London noir: queue here for the torture tour

THE Marshalsea.

Even the name sounds sinister, a hint of stagnant shoreline or a half-forgotten memory of Dickensian distress.

The name of what was London’s most notorious prison for 500 years from the 14th century comes, though, from the Anglo-French mareschalcie, the seat of courts and tribunals in Medieval Europe.

The jail was immortalised in three of Charles Dickens’ novels, most notably in Little Dorrit, whose heroine is born there. The author’s father had been confined to the Marshalsea when it had become principally a debtors’ prison.

The routine torture of inmates had been abandoned by then. But it was still a fetid, crowded place, even if there was beer on tap for those who could rustle up a few coppers.

Debtors they might have been, but they were required to pay rent.

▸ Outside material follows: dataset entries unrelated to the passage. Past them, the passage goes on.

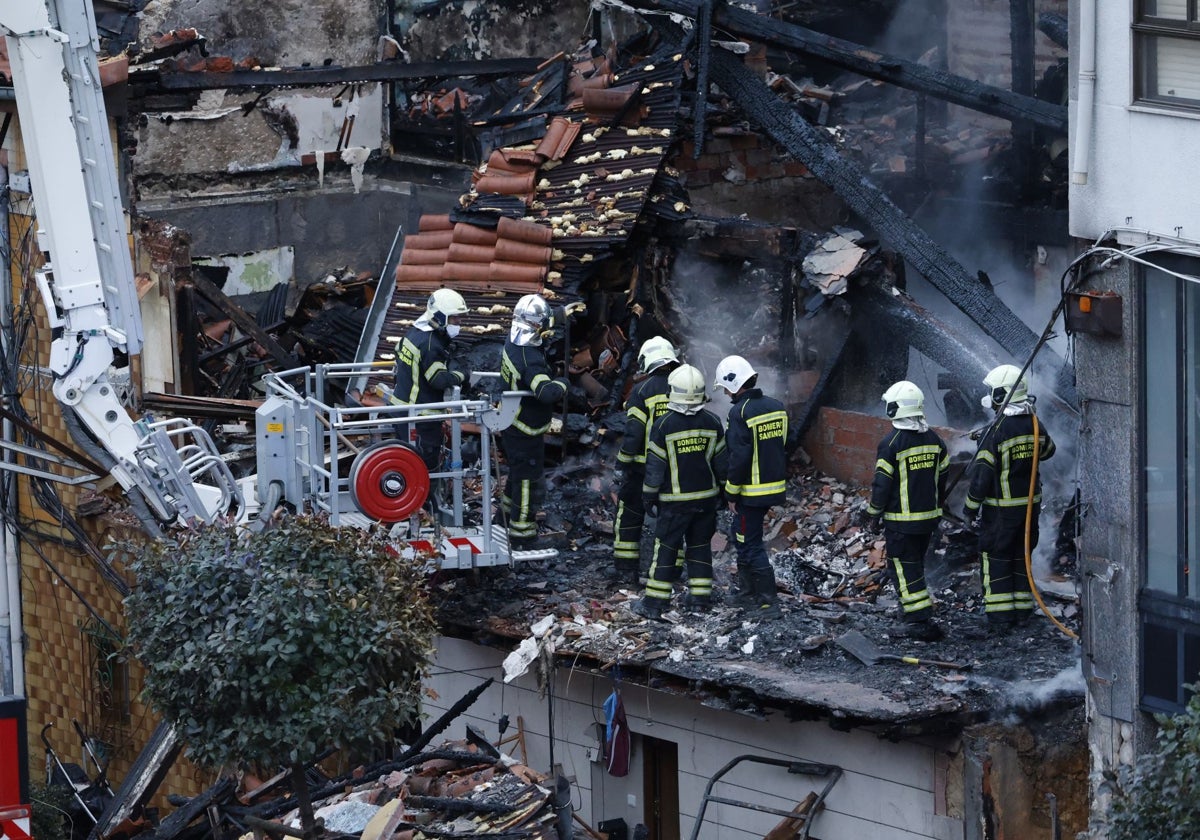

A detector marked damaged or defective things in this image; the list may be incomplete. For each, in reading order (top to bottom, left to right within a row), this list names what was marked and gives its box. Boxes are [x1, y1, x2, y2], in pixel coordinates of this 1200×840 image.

charred wooden beam [142, 57, 547, 91]
charred wooden beam [633, 0, 1065, 132]
charred wooden beam [652, 21, 1084, 408]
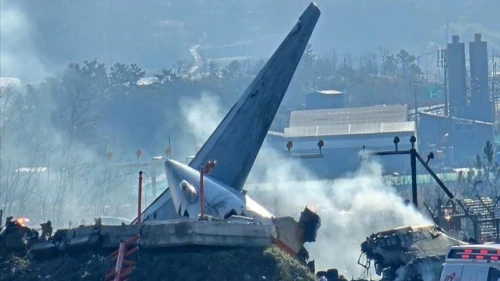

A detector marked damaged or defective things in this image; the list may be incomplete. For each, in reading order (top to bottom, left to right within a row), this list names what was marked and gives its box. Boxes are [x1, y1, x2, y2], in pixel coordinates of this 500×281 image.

crashed airplane [136, 2, 320, 223]
crashed airplane [360, 223, 468, 280]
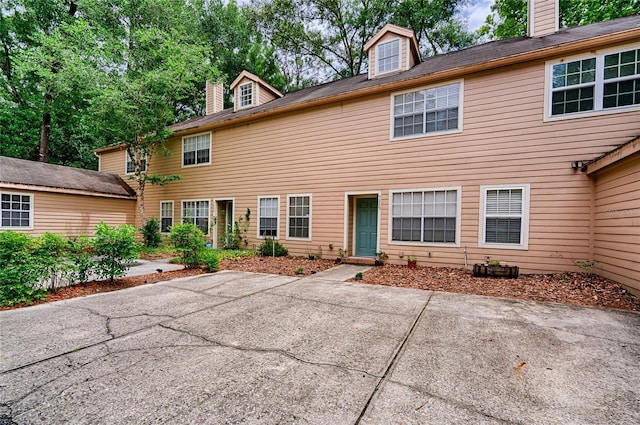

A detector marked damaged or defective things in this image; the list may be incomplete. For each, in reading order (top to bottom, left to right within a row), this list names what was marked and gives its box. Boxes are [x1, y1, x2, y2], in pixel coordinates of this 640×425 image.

cracked concrete driveway [1, 264, 640, 422]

It struck me as an appropriate spot to escape briefly the confinement of lockdown London. Only one wall, with a Historic Southwark plaque, remains from the prison compound that was finally shut down in 1842. Tucked away in a narrow alley off the Borough, you could blink and miss it.

Today, there were just two homeless men lounging in the small churchyard nearby, one chugging on a family-size plastic bottle of some indeterminate liquor.

Much as I love London, there is a dark streak at the heart of its psychogeography, from the remnants of the Malshalsea, to Newgate and the Bloody Tower.

And what other city would boast among its top visitor attractions an equivalent of the Jack the Ripper tours that follow the trail of the unknown serial killer who eviscerated his women victims around Whitechapel.

Not far from the Marshalsea is the Clink, the site of another prison, dating from the 12th century, whose name entered the London vernacular, as in: “Ain’t seen Bill lately.” “He’s in clink.”

The old warehouse that replaced the jail is now the Clink Museum, a long-running tourist attraction dedicated to torture and imprisonment. There is even a mouldering skeleton in an iron cage above the door.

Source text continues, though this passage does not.